• **DATA**:
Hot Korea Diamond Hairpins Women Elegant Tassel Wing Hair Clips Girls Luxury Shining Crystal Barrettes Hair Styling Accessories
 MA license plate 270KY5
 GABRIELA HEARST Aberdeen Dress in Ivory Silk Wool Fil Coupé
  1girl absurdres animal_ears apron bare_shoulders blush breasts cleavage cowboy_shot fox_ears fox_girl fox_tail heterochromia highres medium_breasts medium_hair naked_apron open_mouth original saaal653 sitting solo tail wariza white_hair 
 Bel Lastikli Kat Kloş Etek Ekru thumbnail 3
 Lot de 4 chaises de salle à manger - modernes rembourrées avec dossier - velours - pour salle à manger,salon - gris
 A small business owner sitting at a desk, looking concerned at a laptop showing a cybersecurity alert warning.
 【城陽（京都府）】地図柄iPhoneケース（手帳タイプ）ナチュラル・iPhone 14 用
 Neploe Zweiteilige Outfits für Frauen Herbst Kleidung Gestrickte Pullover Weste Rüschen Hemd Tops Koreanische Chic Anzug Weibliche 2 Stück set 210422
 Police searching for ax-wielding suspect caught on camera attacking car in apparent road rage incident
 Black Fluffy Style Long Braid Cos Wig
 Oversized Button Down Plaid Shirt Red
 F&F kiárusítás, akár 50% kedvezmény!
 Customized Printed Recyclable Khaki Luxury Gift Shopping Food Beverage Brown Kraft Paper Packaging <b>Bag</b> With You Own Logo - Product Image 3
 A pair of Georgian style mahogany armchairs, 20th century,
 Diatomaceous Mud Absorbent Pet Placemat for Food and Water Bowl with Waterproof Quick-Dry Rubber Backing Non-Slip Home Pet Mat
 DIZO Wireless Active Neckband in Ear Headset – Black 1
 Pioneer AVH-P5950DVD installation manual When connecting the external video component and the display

• **WHAT IS NEEDED**: Transcribe the listing above verbatim.

• **WRITTEN RESPONSE**:
Hot Korea Diamond Hairpins Women Elegant Tassel Wing Hair Clips Girls Luxury Shining Crystal Barrettes Hair Styling Accessories
 MA license plate 270KY5
 GABRIELA HEARST Aberdeen Dress in Ivory Silk Wool Fil Coupé
  1girl absurdres animal_ears apron bare_shoulders blush breasts cleavage cowboy_shot fox_ears fox_girl fox_tail heterochromia highres medium_breasts medium_hair naked_apron open_mouth original saaal653 sitting solo tail wariza white_hair 
 Bel Lastikli Kat Kloş Etek Ekru thumbnail 3
 Lot de 4 chaises de salle à manger - modernes rembourrées avec dossier - velours - pour salle à manger,salon - gris
 A small business owner sitting at a desk, looking concerned at a laptop showing a cybersecurity alert warning.
 【城陽（京都府）】地図柄iPhoneケース（手帳タイプ）ナチュラル・iPhone 14 用
 Neploe Zweiteilige Outfits für Frauen Herbst Kleidung Gestrickte Pullover Weste Rüschen Hemd Tops Koreanische Chic Anzug Weibliche 2 Stück set 210422
 Police searching for ax-wielding suspect caught on camera attacking car in apparent road rage incident
 Black Fluffy Style Long Braid Cos Wig
 Oversized Button Down Plaid Shirt Red
 F&F kiárusítás, akár 50% kedvezmény!
 Customized Printed Recyclable Khaki Luxury Gift Shopping Food Beverage Brown Kraft Paper Packaging <b>Bag</b> With You Own Logo - Product Image 3
 A pair of Georgian style mahogany armchairs, 20th century,
 Diatomaceous Mud Absorbent Pet Placemat for Food and Water Bowl with Waterproof Quick-Dry Rubber Backing Non-Slip Home Pet Mat
 DIZO Wireless Active Neckband in Ear Headset – Black 1
 Pioneer AVH-P5950DVD installation manual When connecting the external video component and the display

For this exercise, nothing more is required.